The system is under pressure
BY DR OMAR KHORSHID, CHAIR, HEALTH FINANCING AND ECONOMICS COMMITTEE
The Australian health system is under pressure. Our population is ageing and people are living longer. A boy born in 2016 is expected to live to 80.4 years and girls to 84.6 years. Statistically, people aged 65 years or older are admitted more often and remain admitted for longer than younger cohorts. Australia’s population is also growing – on average increasing nationally by 1.6 per cent per annum and estimated to reach 25.2m in 2018. We are also getting sicker. Approximately half of all Australians now have a chronic condition – many have multiple chronic conditions.

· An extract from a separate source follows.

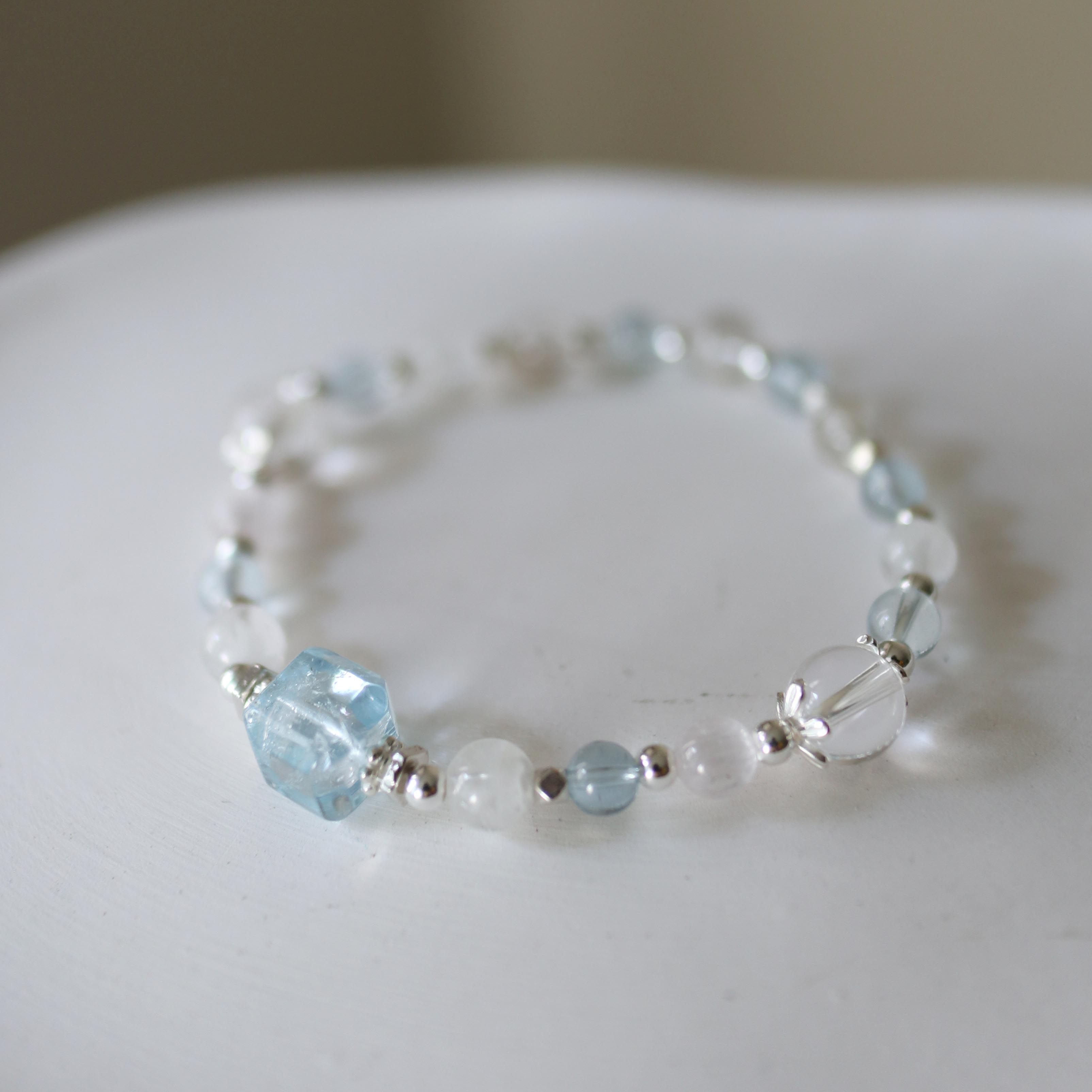 【方藍】藍托帕石、海藍寶、雪花幽靈、紫鋰輝、銀髮晶、白水晶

Diabetes affects around 1.2 million Australians. Two-thirds of Australian adults are either overweight or obese. Alarmingly, more than 20 per cent of children are overweight or obese. Chronic respiratory disease and lung cancer combined affects seven million Australians (one in three).
There are signs and symptoms our health system is starting to crack under the pressure of an ageing, sicker population and an unrelenting squeeze on funding.
Public hospital performance continues to decline. Work on the 2019 AMA Public Hospital Report Card is underway, and the news is not good. The latest national data shows only 64 per cent of urgent emergency presentations were seen within the recommended 30 minutes and the proportion of patients that complete their emergency presentation within four hours is in decline.
Perhaps one of the most disturbing emergency statistics is the time that very sick patients wait to be transferred from the emergency department to an admitted ward bed. Across all hospitals, in all jurisdictions, Resuscitation and Emergency patients have a slightly better than one in two chance of transitioning from emergency care to a ward bed within four hours. On a bad day if the hospital is operating at over 100 per cent capacity, the very sickest patients categorised as Resuscitation and Emergency could wait 10 or 11 hours before they are transferred to an available ward bed.
Elective surgery performance is also in decline. Nationally, elective surgery waiting lists are growing at a fast rate than elective surgery admissions. In the twelve months to 2017-18 elective surgery admissions per 1,000 population was negative in all jurisdictions except NSW (0.1 per cent) and ACT (1.8 per cent). These statistics don’t take account of the time patients wait between the date of their referral to the public hospital outpatient specialist and the date of their specialist appointment (the hidden wait list).
Jurisdictions have started to publish some rudimentary hidden waitlist data, but it is not consistent across States and Territories. The planned AIHW publication on hidden wait lists will be very welcome indeed.
While the most urgent elective surgeries do happen quickly, too often we see media reports of patients waiting too long for their specialist diagnosis and subsequent elective surgery. Many wait in pain. Many wait while their health condition deteriorates, and while they wait their opportunity of an optimal health outcome also diminishes. Waiting too long for public sector elective surgery is especially consequential for children where optimal health outcomes are most likely if treatment is received before physical or developmental windows close.
The original raison d’être of subsidising private health insurance (PHI) was to take pressure off the public hospital system. But this pillar of our health system is also under stress. Since the June quarter of 2015 when PHI membership was at 47.4 per cent of the population, there have been 13 successive drops in membership per quarter. Young healthy members are leaving and over 65s are joining. This creates an older and sicker pool of insured members who are statistically admitted more often and remain admitted longer compared to younger cohorts. An upward spiral in the age profile of the insured population will take premiums with it.
We have a world class health system, in large part due to the skill of the Australian medical workforce, the excellence of our medical researchers and our robust economy. However, it is beyond time that governments act on the clear signs of unmanageable pressures that are mounting on public hospitals. Pressures that must be alleviated at the hospital coal face but also up steam. We need more funding for evidence-based health promotion and chronic disease prevention and more funding for general practice. We need to arrest the declining financial viability in private health before more private hospitals close and premiums become unaffordable for all.